Le chevalier s’arracha des ronces, sauta sur la falaise, lança sa bourse pleine d’or au gamin, tout en courant à côté de lui. Il se précipita à l’entrée et se laissa glisser dans la grotte.

Elle était vide !  !  !

Il n’y avait plus ni Yvon, ni petite Manette.

Il n’y avait plus de caisses, il n’y avait plus d’étoffes, il n’y avait plus rien que le lit de varech et un petit tricorne défoncé, trempé, maculé de boue, sur lequel on avait piétiné, et que le chevalier embrassa pourtant passionnément, pleurant en cet endroit à lui seul plus que les deux enfants n’avaient pleuré en plusieurs jours, et tellement hors de lui, ne sachant ce que pouvait signifier cette seconde disparition, qu’il s’en prit aux pierres des parois, les frappant du poing, voulant absolument qu’elles lui rendissent son fils.

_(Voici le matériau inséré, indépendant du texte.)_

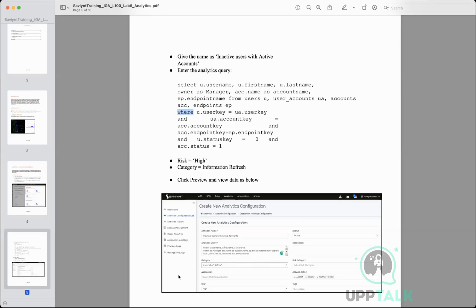All this information is stored and can be used to write SQL queries to generate reports. The most important part of the query is the WHERE clause: if the user's status key equals zero, it means the user identity is inactive; if the account's status equals one, it means the account is active. We pick all such users whose identity is inactive but whose accounts are active.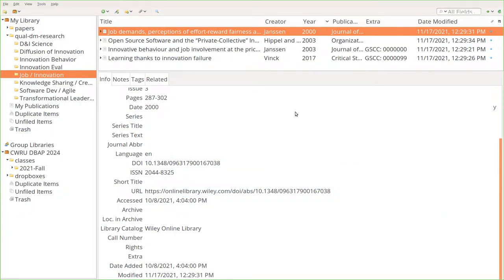I've got Zotero running here. You can see I've got a few papers from journals. Extra Field doesn't have some for a couple of these. It's got a couple other ones. A lot of zeros, nine, nine here on this one.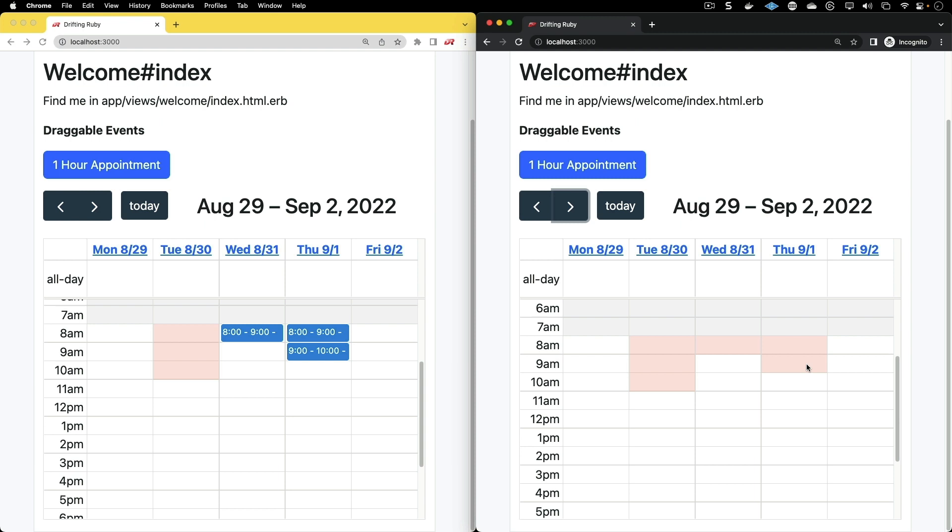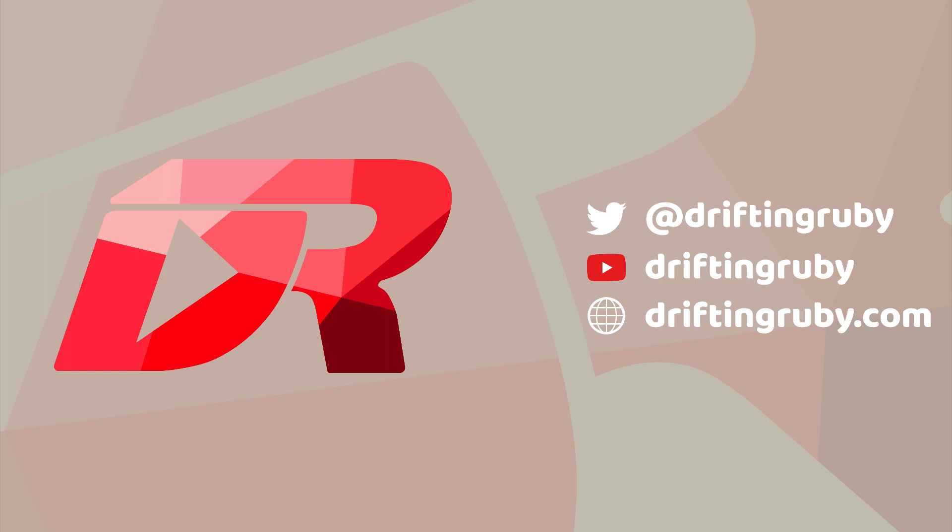We'll be using Hotwire. To watch this full episode and more videos, visit driftonruby.com and subscribe to the Pro membership.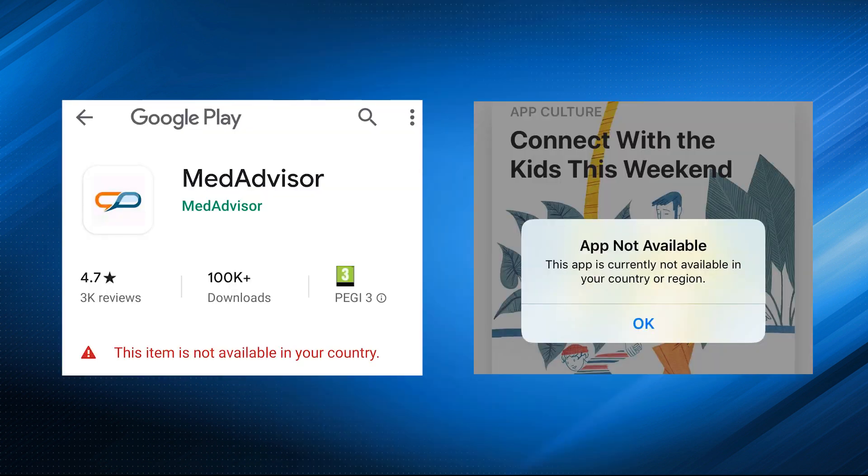Next way: check for availability. Ensure that the item you're trying to purchase is indeed available for sale in your area. You can check the seller's website or contact customer support for clarification on availability and any potential issues with the product listing.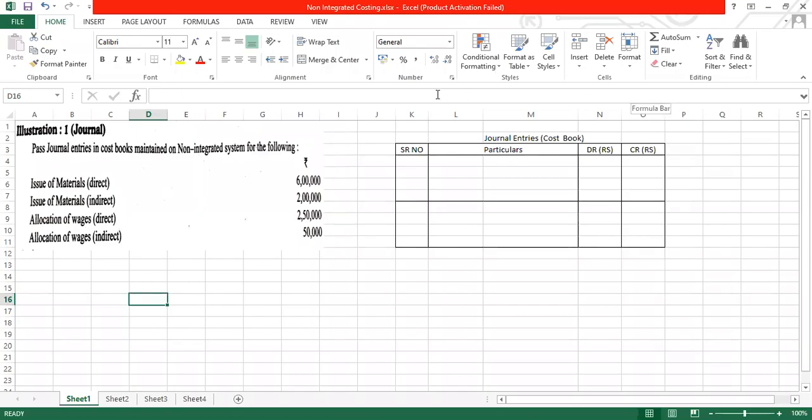Pass the journal entries in the cost book maintained on non-integrated system for the following. Now, the books are on non-integrated basis. So this is a clear-cut instruction which has been given to you. Now, what you have to do is you have to pass the journal entry.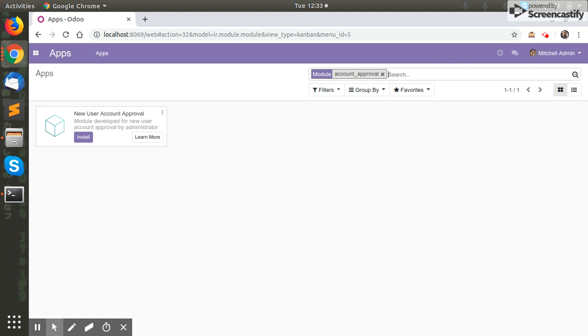Hello and welcome to our channel. In this video we will see the functioning of the user account approval module. This module is used to approve or reject public user requests on your database.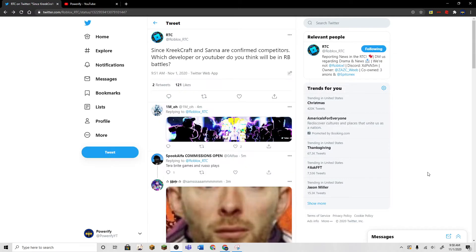Hey guys, what's up? So today, I saw on Twitter that CreedCraft and Sauna are confirmed competitors in RB Battles.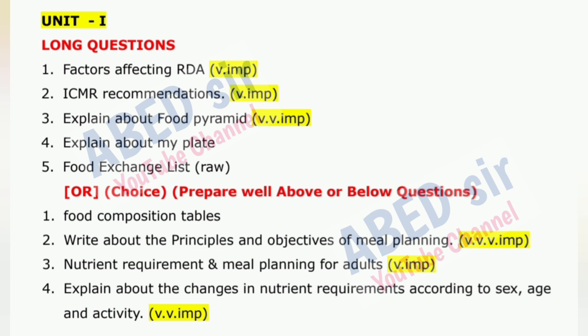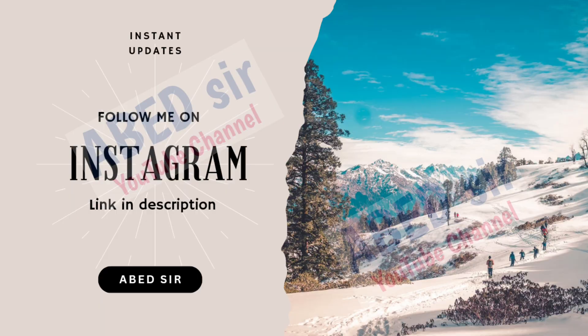For long questions, write 3 to 4 sides of pages and include a definition and explanation with an example. Based on the long question, draw diagrams and tables.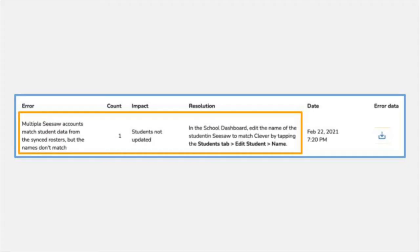Let's solve a common error together. This school has the following error: multiple Seesaw accounts match student data from the synced rosters, but the names don't match. This means that Seesaw has found an account with an email or student ID that matches a student's information in your Clever or Classlink data. However, the name in Seesaw does not exactly match the name in Clever or Classlink. Seesaw will not merge the Clever or Classlink data with accounts whose names do not exactly match, in order to avoid accidentally merging different students.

Le père eut un moment d’angoisse indicible, à inspecter les crevasses du fond de la caverne. Bien que leur étroitesse rendit le fait invraisemblable, il craignit un moment que son Yvon chéri ne fut là, mort, mort de faim et de soif. Il fallut attendre qu’on apportât de quoi faire de la lumière. Attente mortelle ! Après quoi, le fond des crevasses apparut, vide comme le reste.

Cette disparition laissait encore de l’espoir. Il fallait qu’Yvon fût quelque part, mort ou vivant ; il n’y avait point de doute que ce ne fut bien là la cavité où il avait séjourné, la présence du chapeau en faisait foi. Et il ne pouvait être mort, à moins qu’on ne l’eût assassiné, puisqu’il avait écrit un deuxième billet trouvé le matin même… à moins que le médaillon n’eût pas été découvert tout de suite, qu’il eût été lancé en même temps que le bouquet. C’était possible ! Et le chevalier, plus que jamais, répétait désespéré : « Que faire ! »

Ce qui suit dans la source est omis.